Because of the number of unrelated people living there, the house currently violates the city’s land-use policy for that location, Lawrence code enforcement manager Brian Jiminez said.

Blevins said he is working toward meeting state regulations required to become a licensed group home. Jiminez said the city was notified last week that paperwork had been submitted to the state and that staff is monitoring Blevins’ progress.

Blevins said tenants’ rent pays for basic needs such as medication and food — necessities they might not spend their own money on if left to their own devices. He helps monitor and encourage residents to take their medications. Bert Nash outreach staff comes regularly, and the residents are supposed to help monitor each other, too.

“There’s a camaraderie that takes place in the battle for stabilization with mental health,” he said. “They understand each other, and they support each other.”

On the streets

Severely mentally ill people frequently visit downtown churches and other social services looking for food, financial help or just someone to talk to, employees of those places say. Visitors sometimes report hearing voices, can’t speak coherently or exhibit bizarre behavior.

Arley Arkenberg, who works in the First United Methodist Church office, said she’s only felt frightened enough to call police once, when a woman left a voicemail saying that if she had to choose between saving the world and killing people at the church, she would choose to save the world.

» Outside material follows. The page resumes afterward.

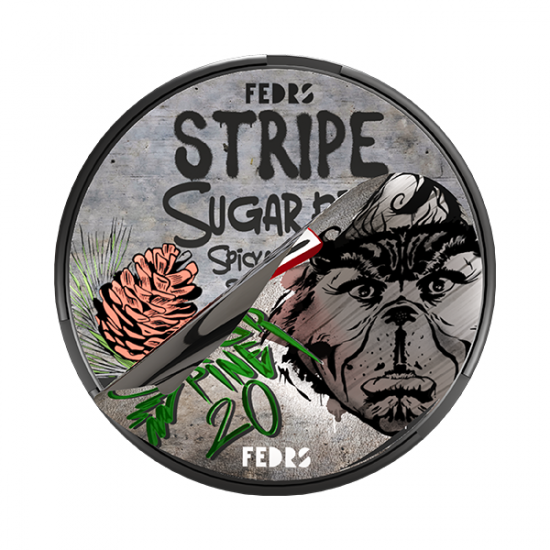 20mg Stripe Nicotine Pouches - 20 Pouches - Flavour: Sugar Pine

Arkenberg and other church employees said they encourage people who are clearly out of touch with reality to go to Bert Nash.

She doesn’t know what else to do.

“I feel like there’s a need for more seamless entry into inpatient treatment,” Arkenberg said. “If we’re not paying for it on the front end, we’re paying for it in the correctional facilities.”

Without specialized and intense care, Blevins said, many severely mentally ill people do end up living in jail, the homeless shelter or tents in the woods.

He estimates that 40 percent of guests at the shelter have severe mental illness, and there are more with addictions.

Last year 37 percent of people booked into the jail self-reported having mental health issues.

“There’s a darker side to our population,” Blevins said. “They survive how they can.”